Similarly, separation and differences were observed in the lipidome profiles of T₁ and T₃ (R2 = 0.6, Q2 = 0.6), and the S-plot identified lipids responsible for this separation that can be used to serve as potential biomarkers (Figure 2(B1,B2)). The potential lipid markers identified by the S-plot (Figure 2(B2)) included lower levels of Lyso PC, MG, VLC Cholesteryl Esters, and Acylcarnitines from T₁ to T₃ and higher levels of total Phosphatidylethanolamine, total Hexosyl ceramide, total triacylglycerol, PE, and HexCer from T₁ to T_3.

The OPLS DA model showed differences between T₂ and T₃ and had very low predictive value, and it was not further investigated to identify lipid signatures for differences between these two timepoints (R2 = 0.6 and Q2 < 0.1), as seen in Supplementary Figure S1.

4. Discussion

Lipid profiles are not regularly investigated during pregnancy. There is limited information available regarding changes in lipids across pregnancy and not many studies have investigated comprehensive lipid profiles at three timepoints during pregnancy, specifically in pregnant Black women. Mapping lipid trends could lend support to a customized health approach for high-risk pregnancies or individuals with previous high-risk pregnancies. This is particularly important for Black women who are at higher risk for adverse birth outcomes (e.g., preterm birth) [25]. In our study, we investigated the longitudinal progression of lipid levels and the relationship between lipid classes. The comprehensive investigation of lipidome profiles in the current study provided unique insight into individual lipid classes and changes in lipid metabolism with full-term pregnancy in pregnant Black women. We have found specific patterns in the lipid classes for these women. Some lipid classes increased with the progression of pregnancy; some lipid classes decreased at the later part of the pregnancy; and others showed unique patterns with levels decreasing in the middle part of the pregnancy then increasing towards the later part of the pregnancy suggesting increased requirements. We have also identified reliable lipid signatures of pregnancy progression by using multivariate dimensionality reduction models.

Total lipid values change across pregnancy and lipid requirements increase to meet fetal demand.

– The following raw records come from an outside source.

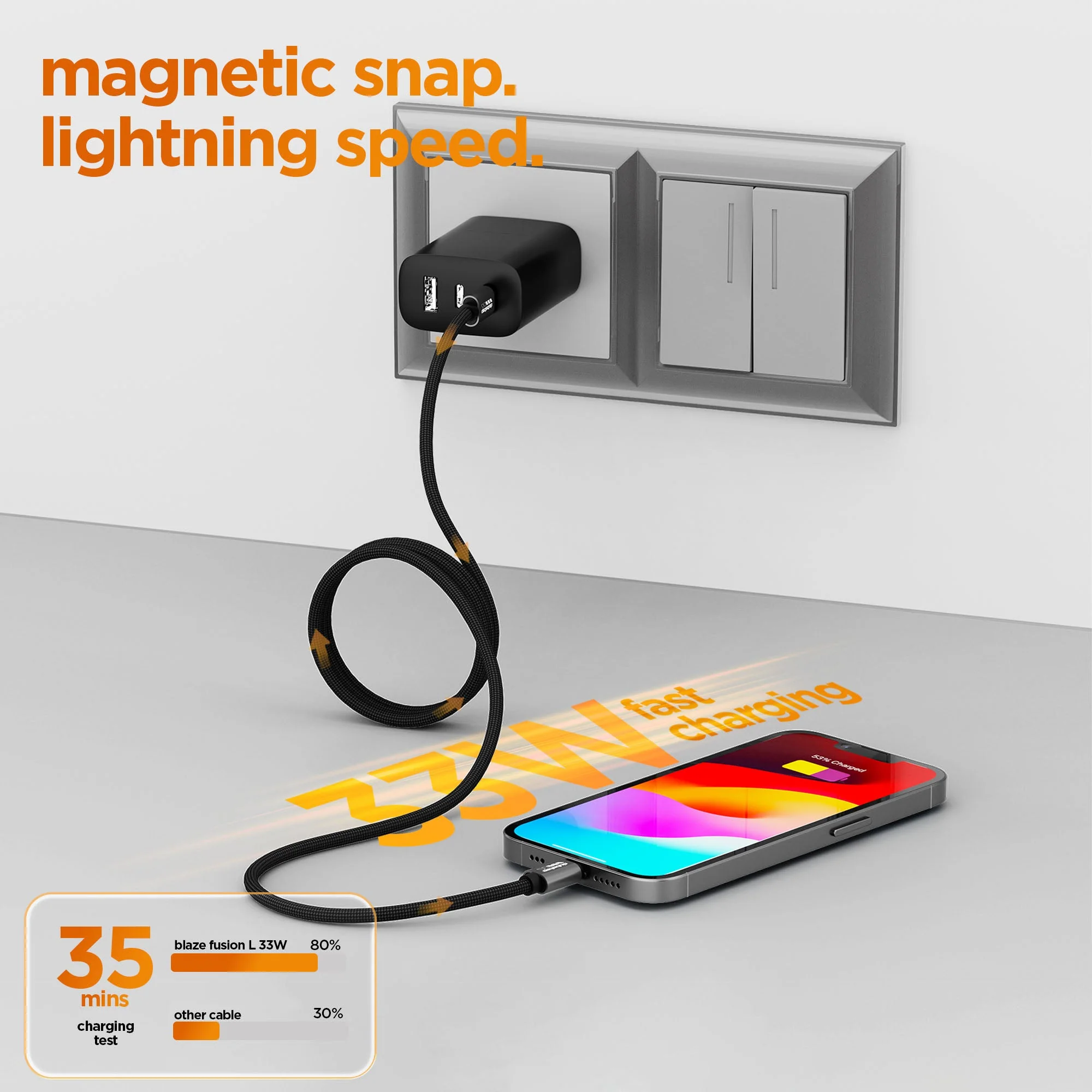 Blaze Fusion M 33W C to L - Image 9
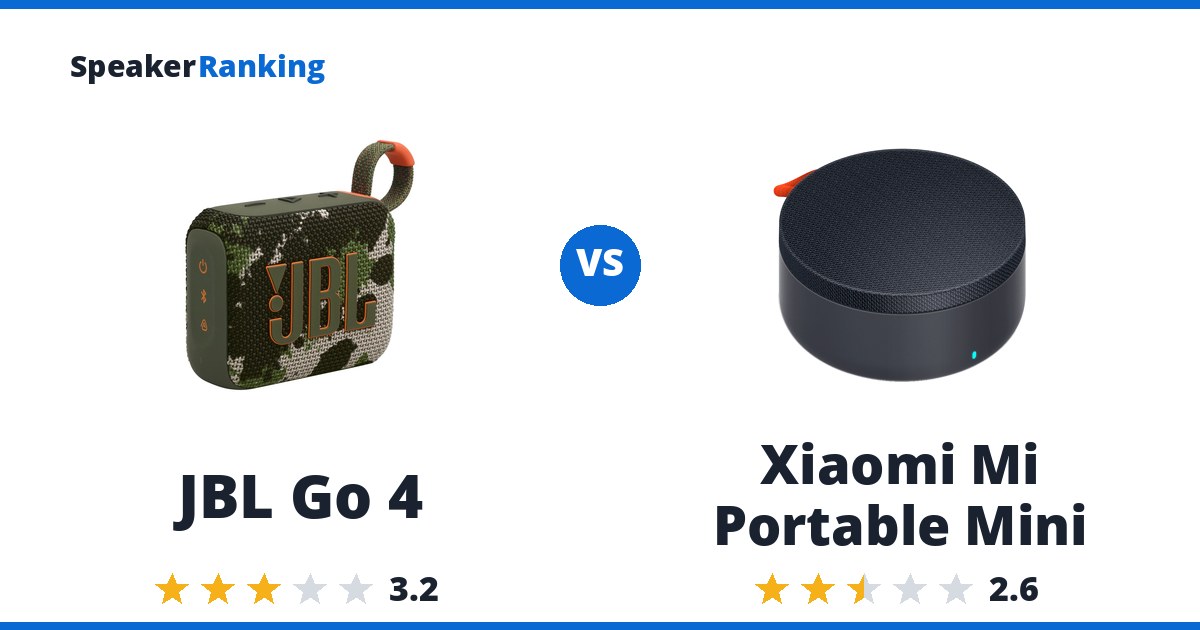 JBL Go 4 vs Xiaomi Mi Portable Mini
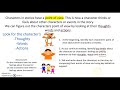 Understanding Character Perspectives in Stories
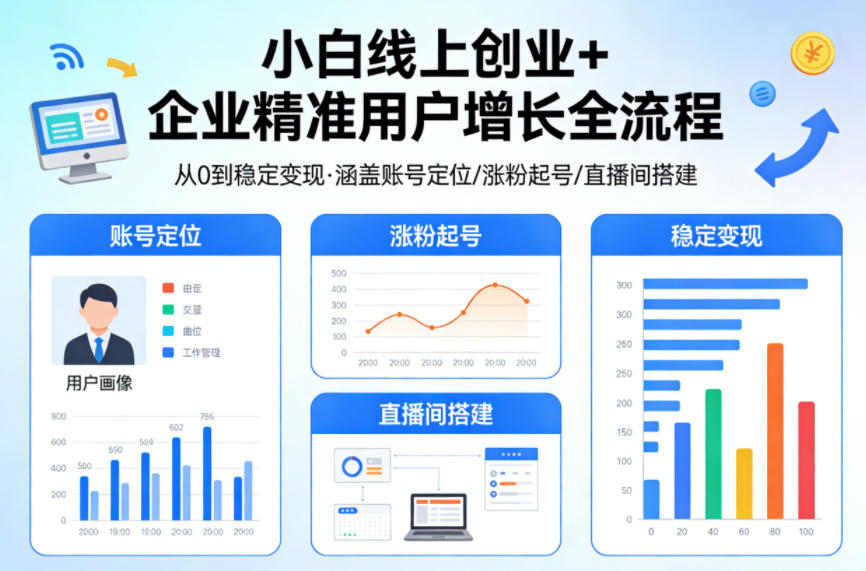 小白线上短视频创业+企业精准用户增长全流程，涵盖账号定位、涨粉起号，直播间搭建等，从0做到稳定变现-翌晨科技网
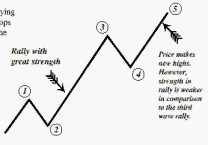 Tom Joseph - ������������ ���������� ������������ ������� ��������. ���������� ������ ����� �������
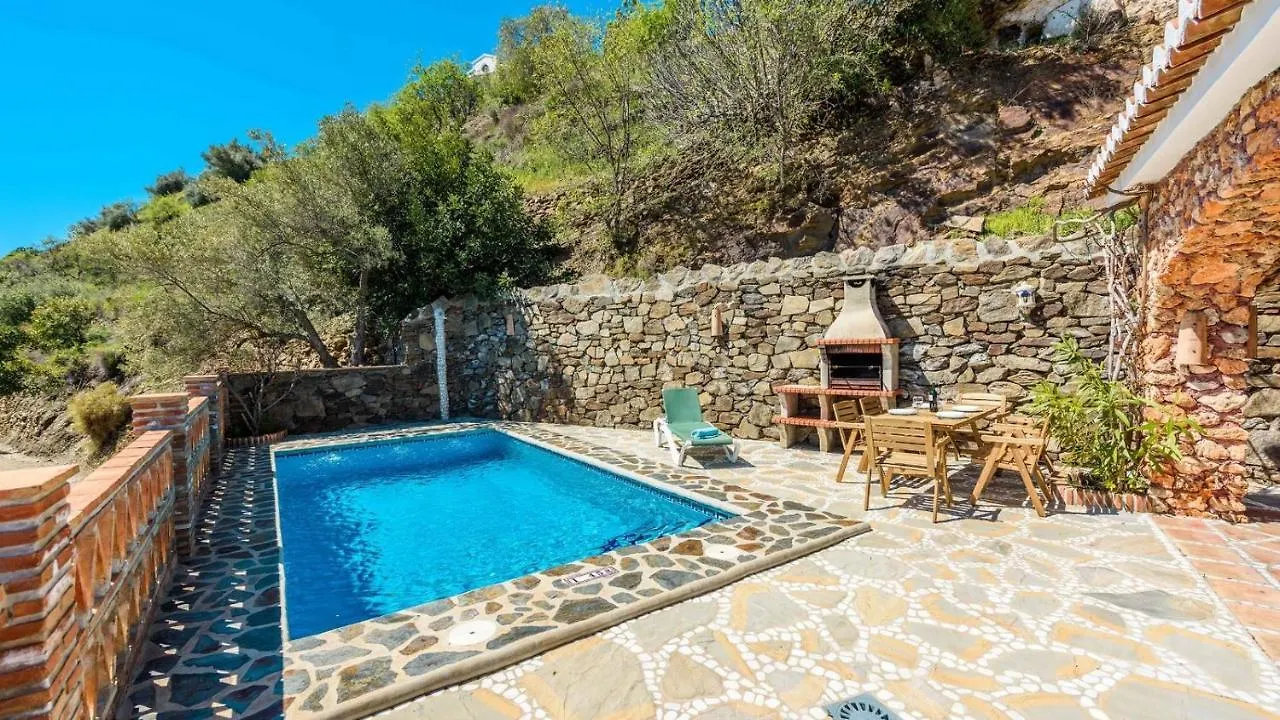 Finca Tarabita Competa By Ruralidays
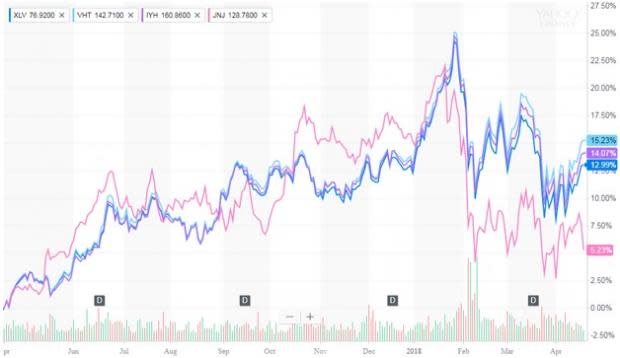 Johnson & Johnson reports Q1 results with both revenues and EPS beating estimates.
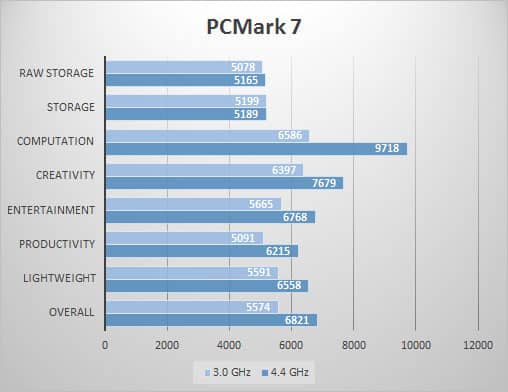 pcmark7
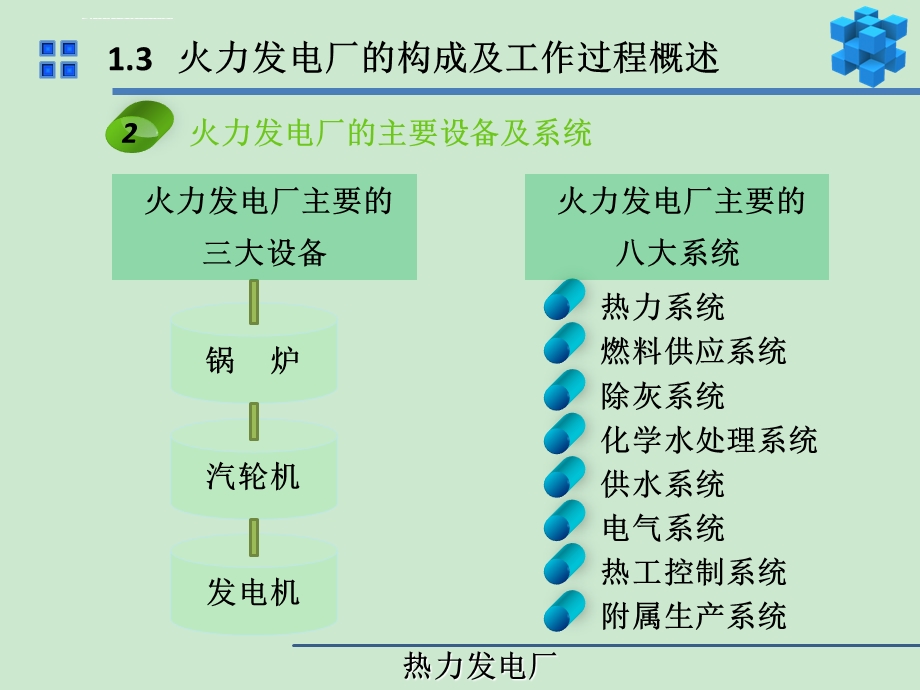 火力发电厂工艺系统简介 主系统ppt课件.ppt_第2页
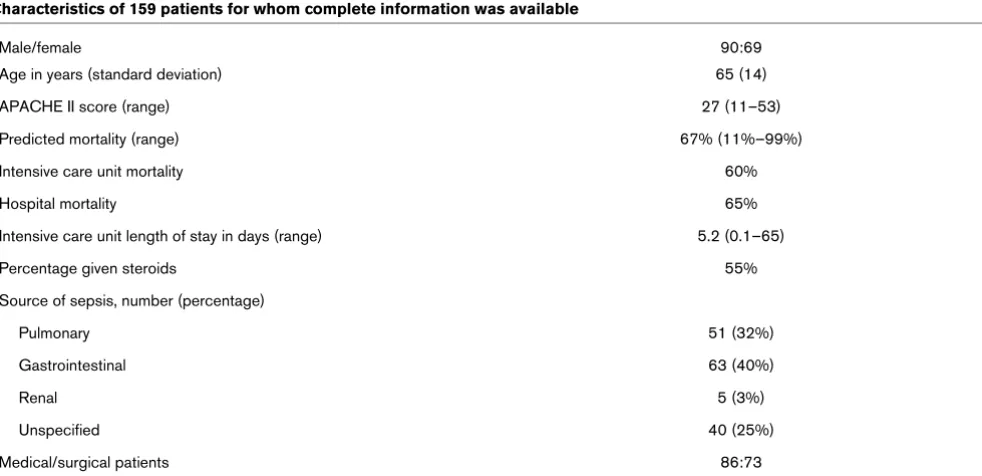 Table 2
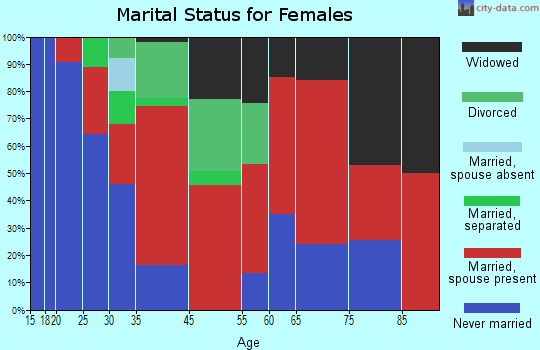 Wando marital status for females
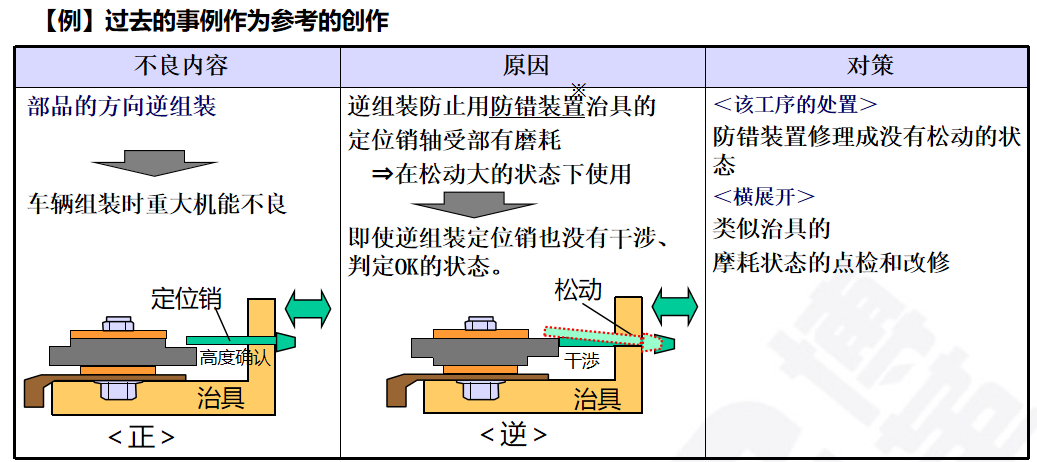 生產為什么要追究原因？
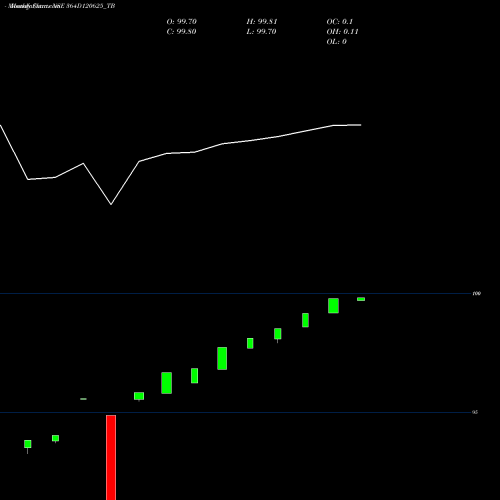 Monthly charts share 364D120625_TB Goi Tbill 364d-12/06/25 NSE Stock exchange 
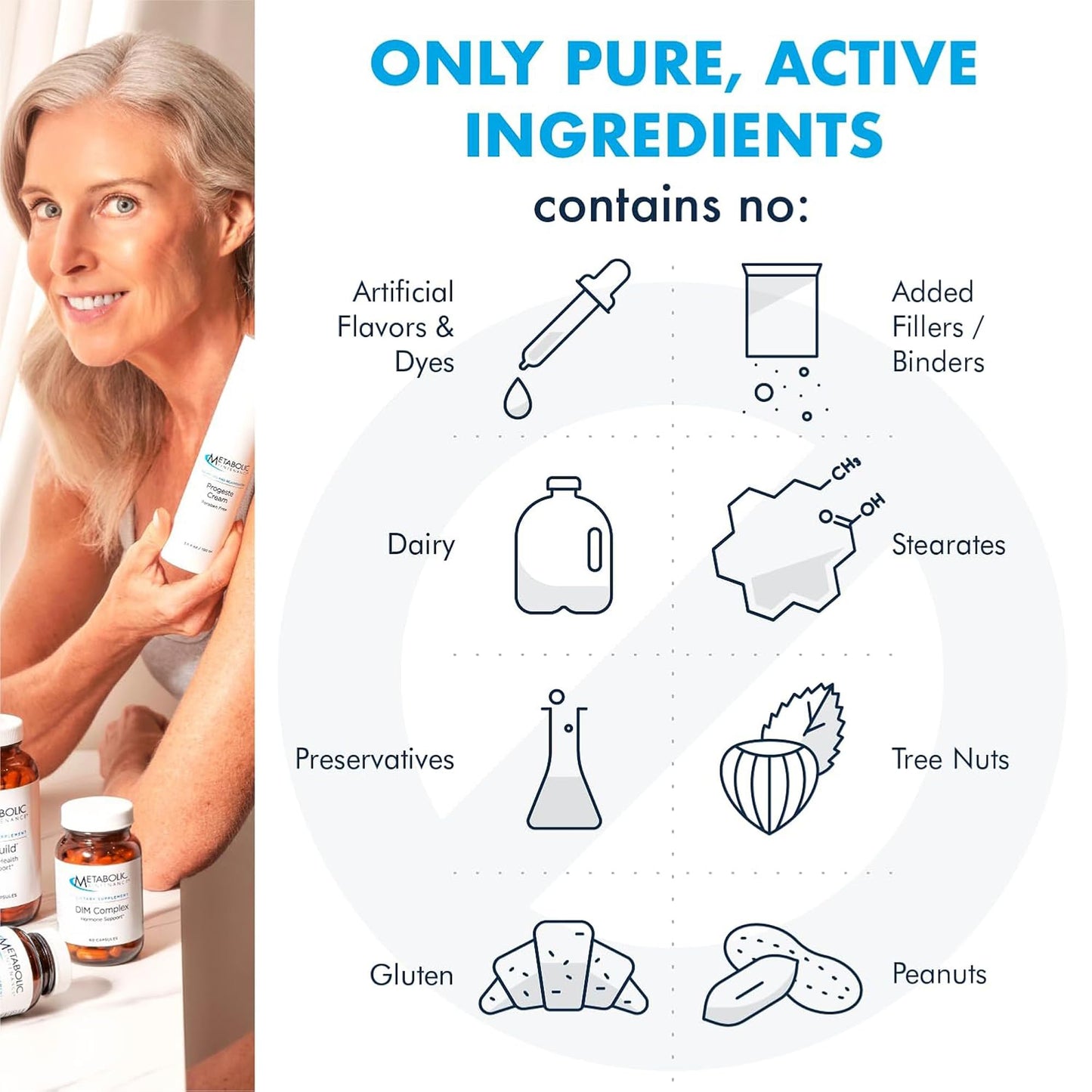Metabolic Maintenance DIM Complex - 60 Capsules | DIM + Cofactors for Healthy Estrogen Balance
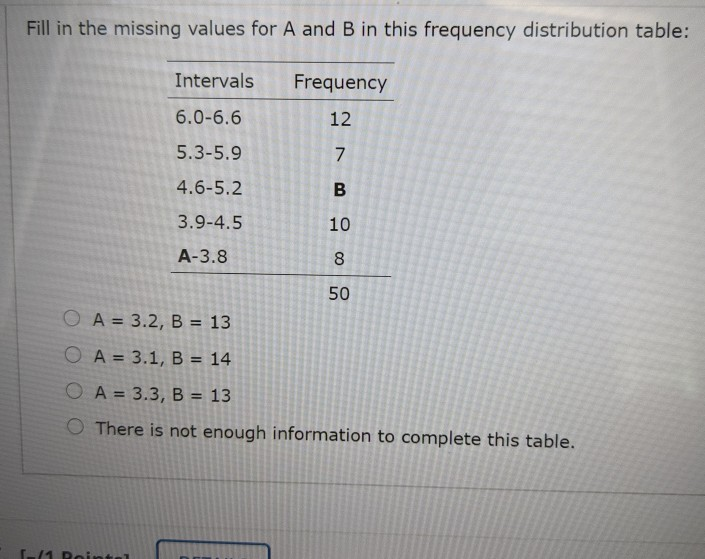 Solved Fill In The Missing Values For A And B In This | Chegg.com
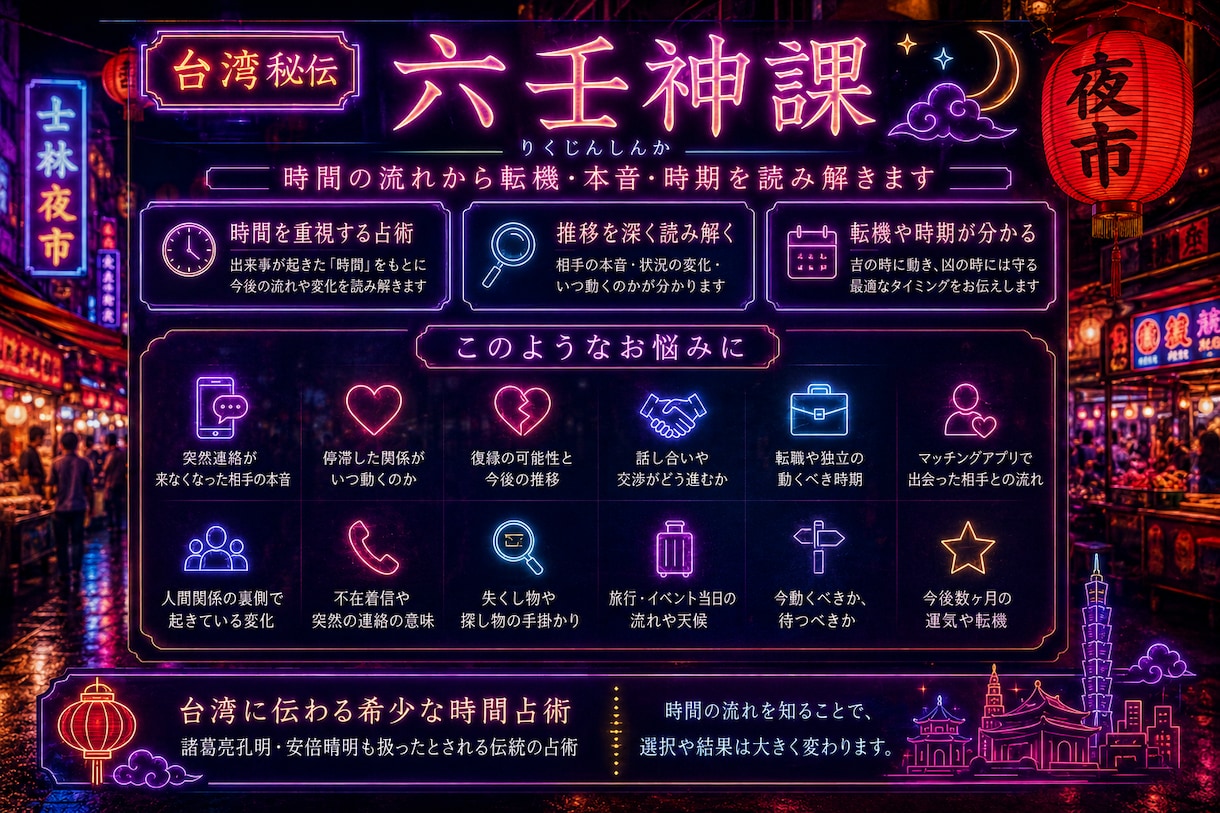 台湾秘伝 六壬神課で状況の変化を占います 時間の流れから転機・本音・時期を読み解きます イメージ2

Studies on selected lipid classes including cholesterol, triglycerides, and lipoproteins have shown increases in the levels in the latter third of pregnancy that may result from catabolism of early pregnancy adipose tissue stores that coincide with the rapid growth rate of the fetus [3]. Our analysis also demonstrates that total lipid levels increased across pregnancy. This corresponds to the existing literature that recognizes an increase in maternal adiposity and circulating lipids in the first and second trimester in order to support the growing fetus [26,27,28]. In our cohort, total lipid levels increased during pregnancy, including phospholipids. The phospholipids are a major class of lipids that include phosphatidic acid, phosphatidylcholine, phosphatidylethanolamine, phosphatidylglycerol, phosphatidylinositol, phosphatidylserine, sphingomyelin, lysophosphatidic acid, lysophosphatidylcholine, and lysophosphatidylethanolamine. Specifically, circulating phospholipids, phosphatidylcholine, phosphatidylethanolamine, phosphatidylglycerol, and phosphatidylinositol increased over time. We recently reported associations between lower phosphatidylcholine levels (measured at 9–25 weeks gestation), depressive symptoms, and preterm birth [16]. A lipidome analysis from a cohort of pregnant Puerto Rican women (24–28 weeks gestation) showed that phospholipid classes have the greatest number of metabolite-specific signatures with pregnancy outcomes such as gestational age at birth, spontaneous preterm birth, and large for gestational age neonates [12].

One of the interesting findings of the study is the change in essential and other polyunsaturated FA levels: a decrease is observed during the early to middle pregnancy and an increase is observed in the later part of the pregnancy. Fetal growth and development require essential fatty acids (EFAs; linoleic acid, omega-6, alpha-linolenic acid, and omega-3) and long-chain polyunsaturated fatty acids (LCPUFAs) derived from maternal circulation (Herrera and Ortega-Senovilla 2010 [29]). LCPUFAs are particularly important for nervous system development and are critical for brain and retinal functioning (Herrera and Ortega-Senovilla 2014 [30]). Maternal LCPUFAs (e.g., arachidonic acid; docosahexaenoic acid) are crucial for fetal development. FAs and LCPUFAs decrease in maternal circulation and increase in fetal plasma via placental transfer (Herrera and Ortega-Senovilla 2010 [29]). Arachidonic acid with DHA is required for brain and retina development and for visual activity during late pregnancy [31]. Research studies have linked maternal intake and levels of FAs to determine the availability for fetal development and neurocognitive growth [32].

Similarly, acylcarnitines are required for the proper growth of the fetus and studies have shown a reduction in the maternal levels during pregnancy due to increased fetal demand [33,34]. The decrease in acylcarnitine and hydroxy acylcarnitine levels we observed with the progression of pregnancy is consistent with the earlier reports of lower total carnitine levels during pregnancy in plasma and whole blood [33]. The researchers reported that the percentage of acylcarnitine of the total carnitine levels was equivalent to the secondary carnitine deficiency; however, they reported no change in short-chain acylcarnitine levels [33]. Acylcarnitine levels are reported to be related to maternal metabolic diseases and birth outcomes, and higher levels are reported to be associated with gestational diabetes [35,36,37]. Acylcarnitines are essential for lipid and glucose metabolism and play an important role in proper mitochondrial function [38], thus emphasizing the importance to monitor their levels during pregnancy. Our data showing reduced acylcarnitine levels with the advancement of pregnancy in pregnant Black women provides a framework to relate to pathological pregnancies in Black women.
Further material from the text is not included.